Tag Archives: novels

Have you read any of these books?

Hello, Everyone!

I have been thinking about what to share with you regarding books and reading challenges, so here is the list of books I have read so far for the 52bookclub challenge:

  1. The Alice Network – by Kate Quinn
  2. The Great Alone – by Kristen Hannah
  3. Puff, the Magic Dragon – by Peter Yarrow
  4. Pier 21: a history – by Steven Schwinghammer
  5. Catherine, Called Birdy – by Karen Cushman
  6. My Brilliant Friend – by Elena Ferrante
  7. The Answer Is … Reflections on my Life – by Alex Trebek
  8. The Sun Down Motel – by Simone St. James
  9. Good Mothers Don’t – by Laura Best
  10. You Had Me at Hola – by Alexis Daria
  11. A Soldier’s Sketchbook: the illustrated First World War Diary of R.H. Rabjohn – by John Wilson
  12. Where Late the Sweet Birds Sang – by Kate Wilhelm
  13. Uncommon Danger – by Eric Ambler
  14. Krambambuli – by Syr Ruus
  15. St. George and the Dragon – by Beth Andrews
  16. The Man in the Gray Flannel Suit – by Sloan Wilson
  17. Their Eyes Were Watching God – by Zora Neale Hurston
  18. Big Magic: Creative Magic Beyond Fear – by Elizabeth Gilbert
  19. The Calculating Stars – by Mary Robinette Kowal
  20. Before Green Gables – by Budge Wilson
  21. Reagandoodle and Little Buddy: the true story of a labradoodle and his toddler best friend – by Sandi Swiridoff
  22. Angela’s Ashes: a memoir – by Frank McCourt
  23. The Book Woman of Troublesome Creek – by Kim Michele Richardson
  24. My Sister the Moon – by Sue Harrison
  25. The Tale of Despereaux – by Kate DiCamillo
  26. Someone to Watch Over Me – by Jill Churchill
  27. The Pursuit of Happyness – by Chris Gardner

For the Indigo reading challenge I have read:

  1. Catherine, Called Birdy – by Karen Cushman
  2. My Brilliant Friend – by Elena Ferrante
  3. Good Mothers Don’t – by Laura Best
  4. White Fragility: why it’s so hard for white people to talk about racism – by Robin DiAngelo
  5. Krambambuli – by Syr Ruus
  6. Our House is on Fire: scenes of a family and a planet in crisis – by Malena Ernman
  7. The City in the Middle of the Night – by Charlie Jane Anders
  8. My Sister the Moon – by Sue Harrison
  9. Big Burn – by Lesley Choyce

For the Agatha Christie reading challenge — none yet.

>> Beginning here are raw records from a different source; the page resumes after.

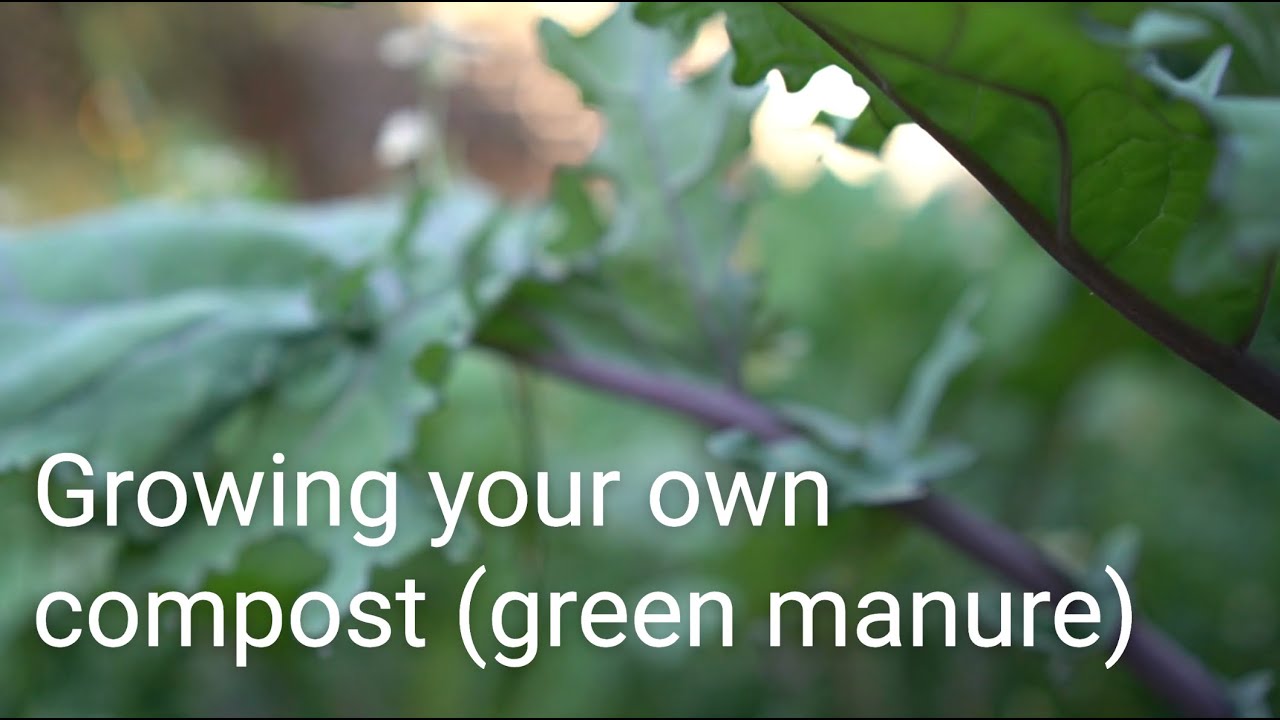 Выращивание собственного БЕСПЛАТНОГО компоста (зеленого удобрения)
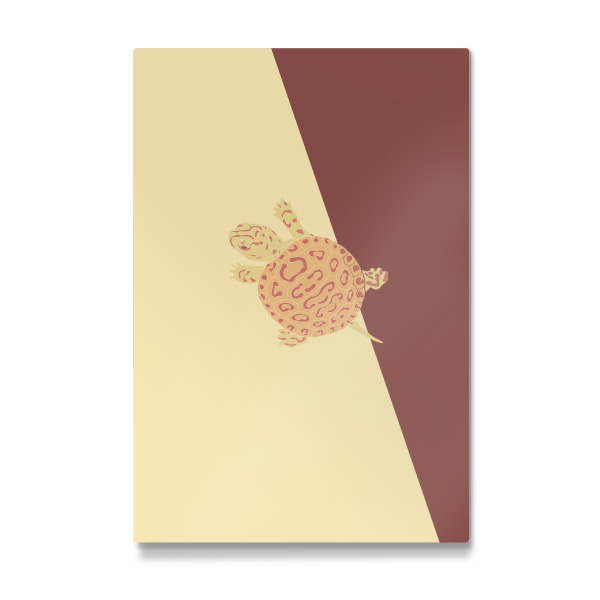 Galerie-Print "Babywasserschildkröte" 30x20 cm artboxONE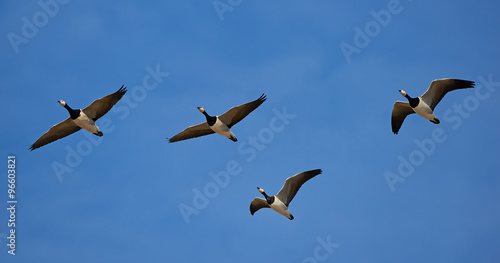 Barnacle goose  Branta leucopsis 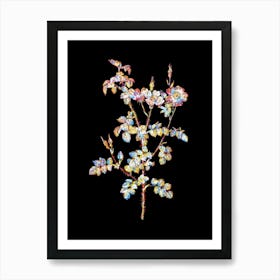 Stained Glass Prickly Sweetbriar Rose Mosaic Botanical Illustration on Black n.0304 Art Print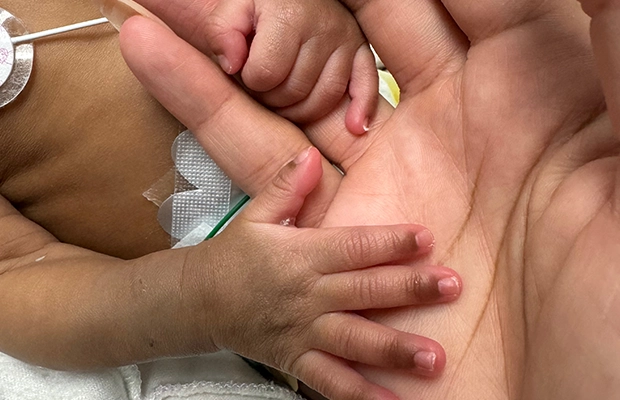 hand of a mother with the small hand of her newborn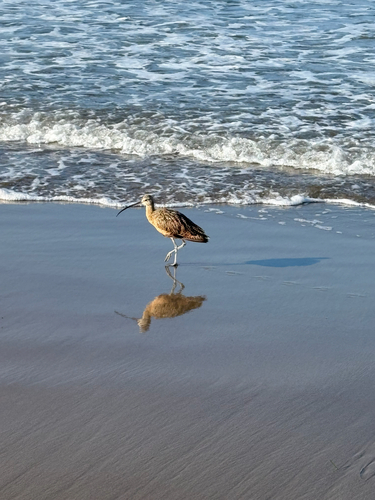 iNaturalist observation photo of Long-billed Curlew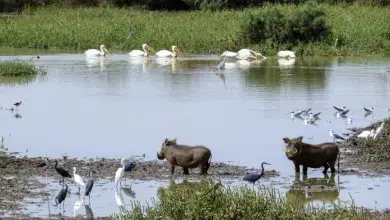 Photo de Reportage Afrique | Mauritanie: dans le parc national de Diawling, le défi de la préservation des espèces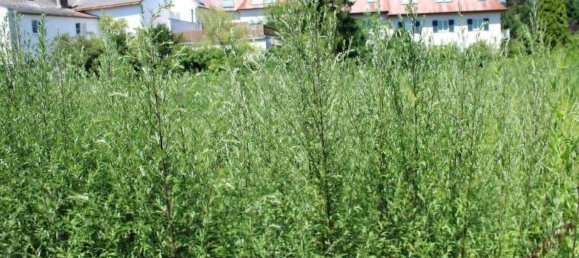 Terreno en Perchtoldsdorf, Austria 754 m² No. 160051 8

For what I’ve read for the Goodreads personal challenge you can check my page there (I’m there as Lynn Davidson); too many books to add here because I am halfway to my goal of 700.

Of the above 31 books, which ones have you read? Do you have any of them in your TBR (to be read) stash?

Thanks for reading … and Blessings on your day!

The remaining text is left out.